Lèvres en feu, reins en chaleur.

Catherine Corsini, la réalisatrice de Partir, est de celles qui cochent toutes les cases de la bien-pensance : progressiste, immigrationniste, active soutien des délinquants sans-papiers, naturellement féministe et lesbienne et, non moins naturellement, soutien de l‘Insoumis majuscule Jean-Luc Mélenchon. Par ailleurs elle ne manque ni de soutiens financiers et critiques (c’est normal, avec un tel palmarès d’excellence virtuelle), ni de talents d’écriture et de réalisation. Talents qu’elle emploie à déconstruire, comme on dit, la structure traditionnelle de la société. Elle s’y était employée, en 1999 dans La nouvelle Ève, avec Karin Viard, ayant toutefois l’élémentaire honnêteté intellectuelle d’indiquer qu’elle n’avait rien de mieux à proposer, après la décomposition, que la douceur tranquille du traditionnel happy end amoureux (sur un champ de ruines, celui-là).

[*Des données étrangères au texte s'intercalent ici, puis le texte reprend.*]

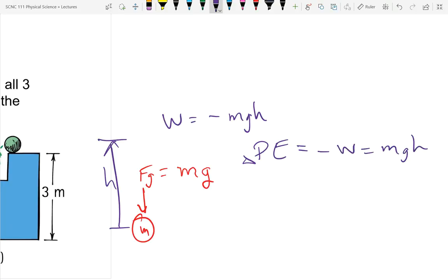The potential energy is defined by its change: delta-PE equals mgh. There's a key aspect easy to overlook — the reference point for potential energy is wherever you choose it to be. The height h is measured from the point where you set zero potential energy. If I'm dealing with a tabletop, I set zero PE at the tabletop and measure h from there. If dealing with the floor, zero is at the floor.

Champ de ruines aussi que ce Partir à qui d’excellents acteurs prêtent leurs grandes qualités, qui est vivement mené, bien filmé, bien tenu et où l’on sent à chaque minute monter la tension d’une catastrophe notifiée dès le pré-générique. Puis apaisement bienvenu. Un couple tranquille : Samuel (Yvan Attal) est un prospère médecin nîmois ; elle, Suzanne (Kristin Scott-Thomas), d’origine anglaise, qui s’ennuie un peu, voudrait reprendre son ancien métier de kinésithérapeute. Deux beaux enfants de la belle bourgeoisie de province, David (Alexandre Vidal) et Marion (Daisy Broom), adolescents qui paraissent sans autre histoire que celles de leur génération dorée.

Justement, il n’y a pas d’histoires. Tout va trop bien. Ce n’est pas si mal que ça, il me semble, à l’heure où il y a beaucoup de gens qui pleurnichent sur leurs vies ratées, gâchées, abîmées, catastrophiques. Il faut qu’il se passe quelque chose. Ce quelque chose, c’est en fait quelqu’un : Ivan (Sergi Lopez), un robuste, viril, anguleux ouvrier du bâtiment, qui vient de sortir de prison pour quelques babioles dont on ne saura rien. Est-ce l’ennui, l’animalité du type, un déchaînement de la sexualité qui va précipiter Suzanne dans les bras d’Ivan et la rendre complétement dépendante des étreintes qui s’enchaînent et qui l’émerveillent ? Va savoir !

Toujours est-il qu’au bout de quelques semaines de parties de jambes en l’air, Suzanne n’est plus capable de discerner ses devoirs de mère de famille et ses gratouillis intimes qui la poussent à sacrifier sa vie pondérée, sereine, aisée, apaisante. Malgré les tentatives désespérées de Samuel/Attal qui est fier de sa jolie femme mais qui, en est, aussi, violemment amoureux, la belle bourgeoise tranquille s’envole aux côtés du repris de justice et entreprend de nouer avec lui une histoire amoureuse.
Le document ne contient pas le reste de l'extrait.